With the pictures left out, print exactly the lines below that run from the one containing "Крем Ночной Для" through the one containing "swssi (@swssi_mmd) / Posts / X".

**Source information:**
————————
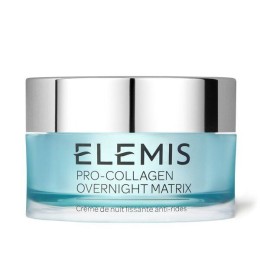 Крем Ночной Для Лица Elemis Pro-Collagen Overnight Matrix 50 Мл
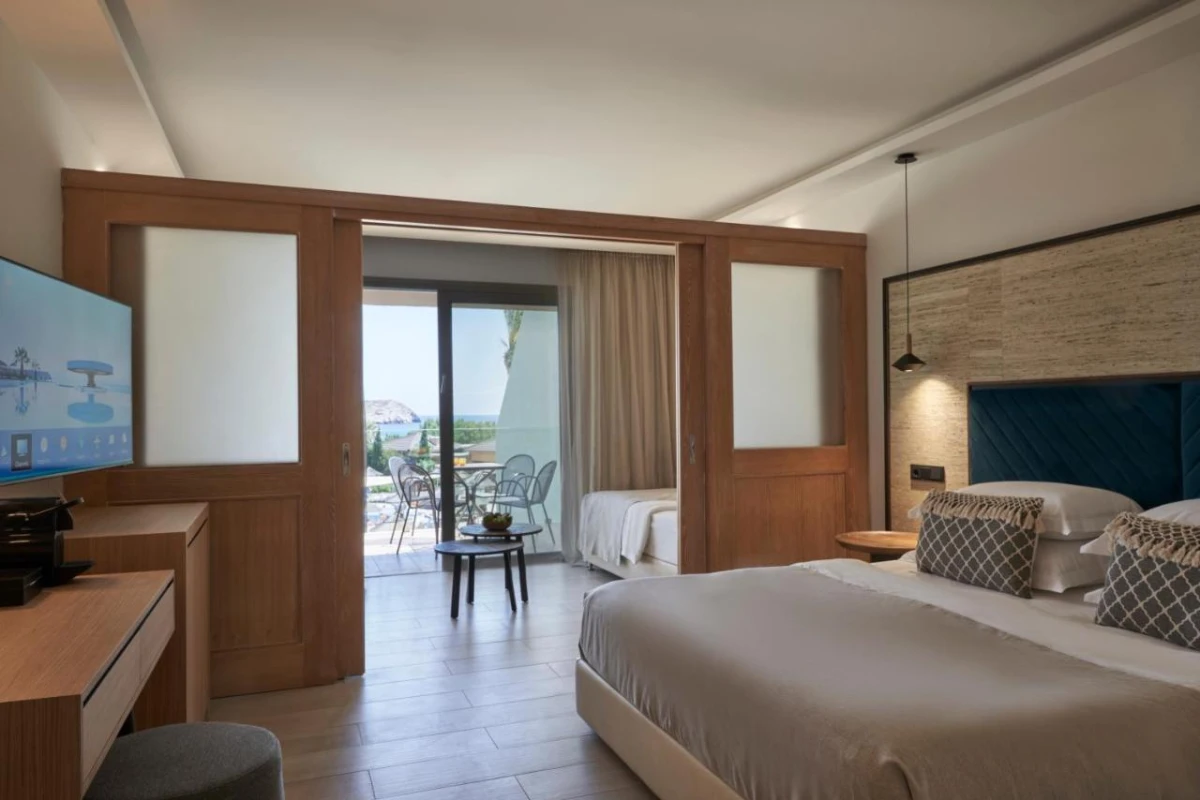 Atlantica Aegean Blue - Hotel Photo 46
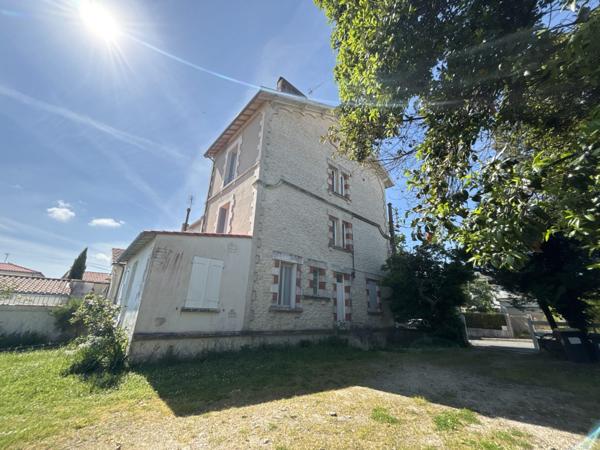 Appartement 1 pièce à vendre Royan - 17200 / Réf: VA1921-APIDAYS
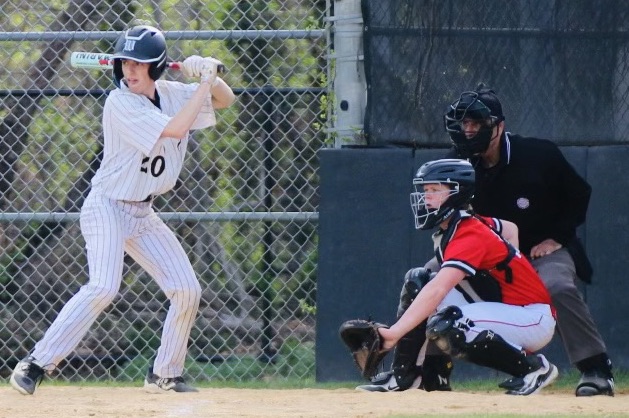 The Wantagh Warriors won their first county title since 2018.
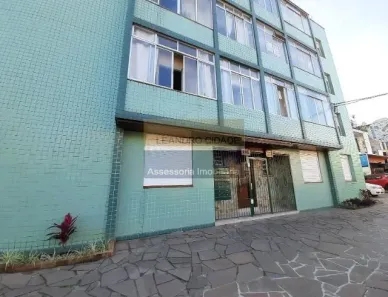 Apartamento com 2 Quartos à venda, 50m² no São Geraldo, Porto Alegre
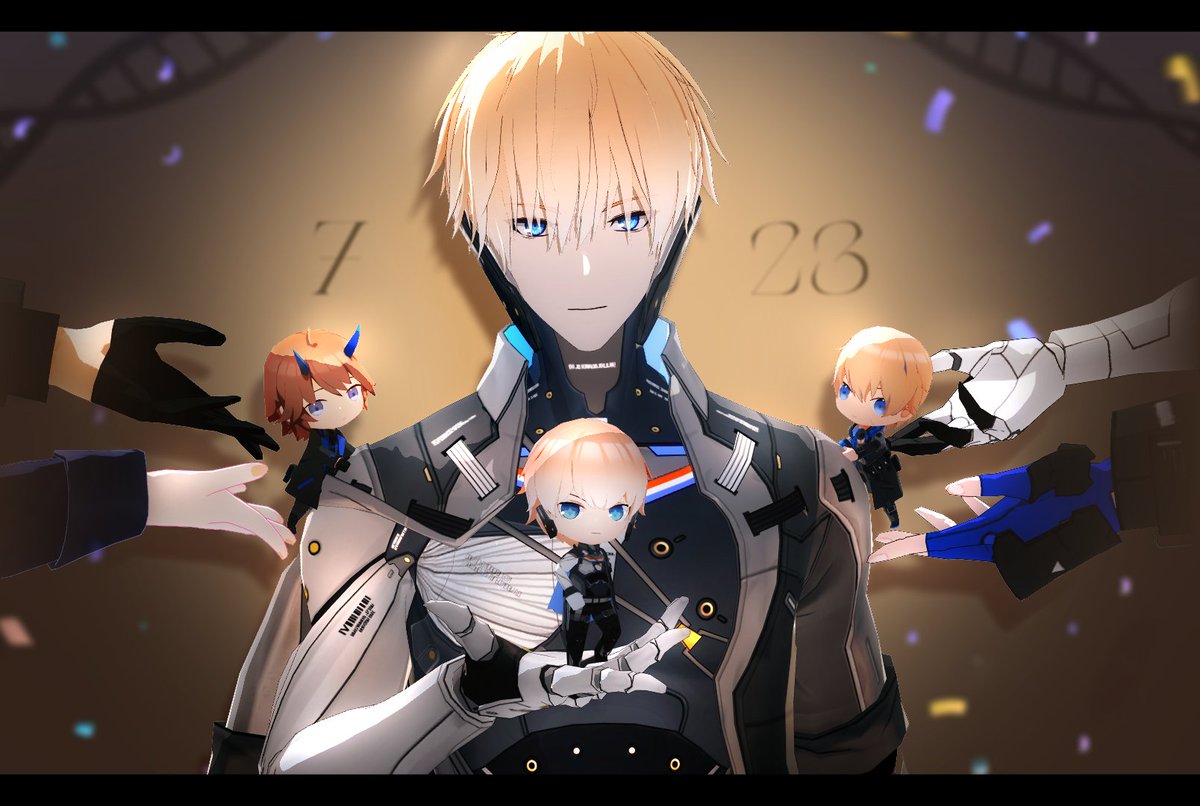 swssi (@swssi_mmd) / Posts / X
————————
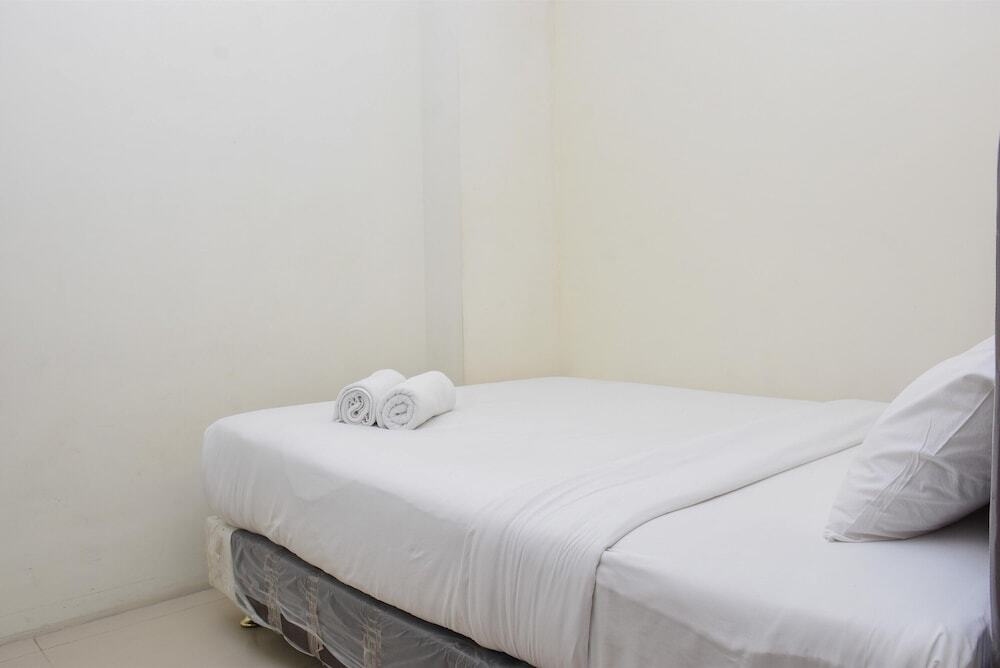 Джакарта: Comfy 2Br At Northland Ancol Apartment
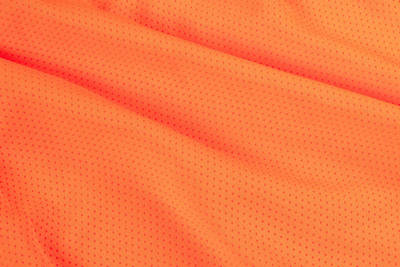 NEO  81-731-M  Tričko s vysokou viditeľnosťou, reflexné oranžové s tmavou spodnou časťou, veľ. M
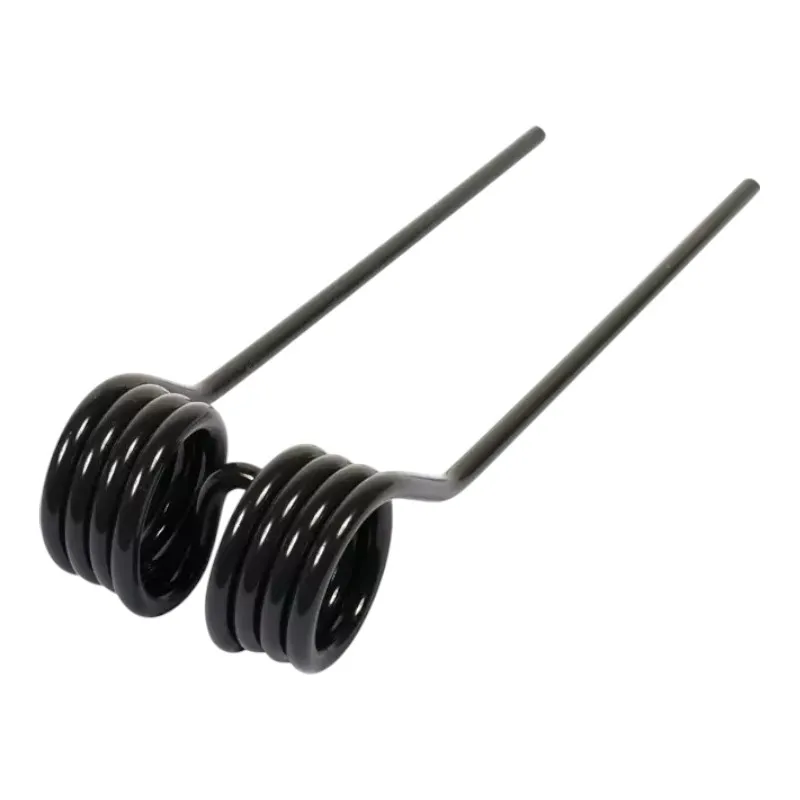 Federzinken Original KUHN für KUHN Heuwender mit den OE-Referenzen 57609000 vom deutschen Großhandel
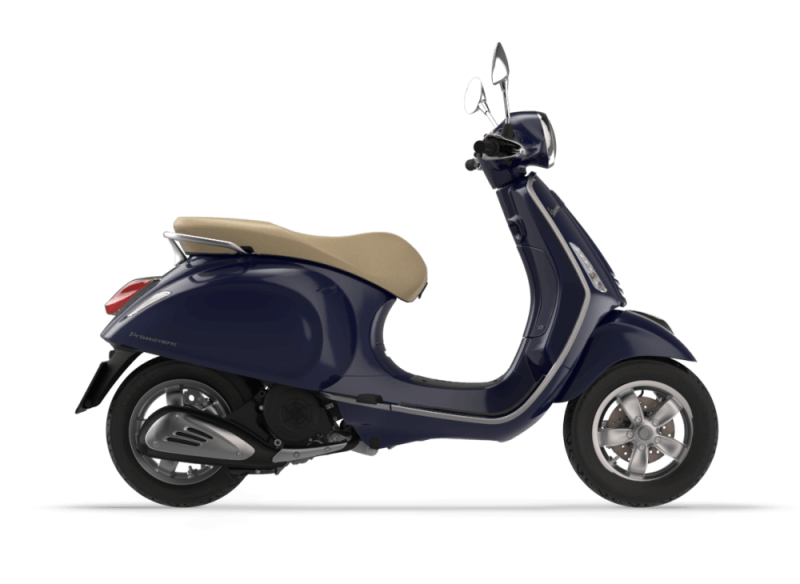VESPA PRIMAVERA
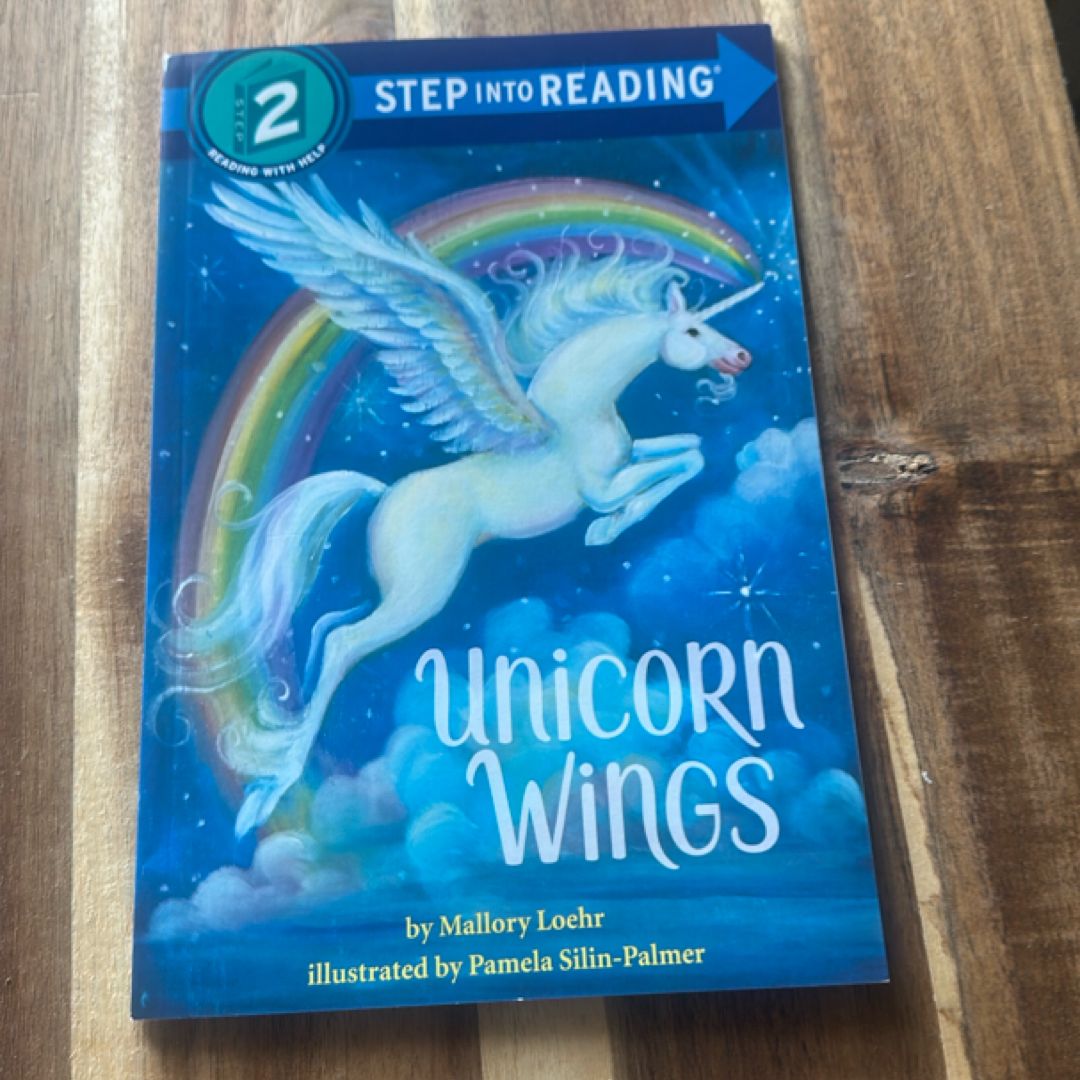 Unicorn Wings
————————
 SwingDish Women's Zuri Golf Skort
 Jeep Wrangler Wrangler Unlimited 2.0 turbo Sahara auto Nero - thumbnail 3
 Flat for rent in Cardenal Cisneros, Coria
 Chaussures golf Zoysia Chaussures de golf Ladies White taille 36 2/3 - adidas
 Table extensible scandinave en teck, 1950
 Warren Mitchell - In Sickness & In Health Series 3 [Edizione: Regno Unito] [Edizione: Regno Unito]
————————
**Your response:**
 Крем Ночной Для Лица Elemis Pro-Collagen Overnight Matrix 50 Мл
 Atlantica Aegean Blue - Hotel Photo 46
 Appartement 1 pièce à vendre Royan - 17200 / Réf: VA1921-APIDAYS
 The Wantagh Warriors won their first county title since 2018.
 Apartamento com 2 Quartos à venda, 50m² no São Geraldo, Porto Alegre
 swssi (@swssi_mmd) / Posts / X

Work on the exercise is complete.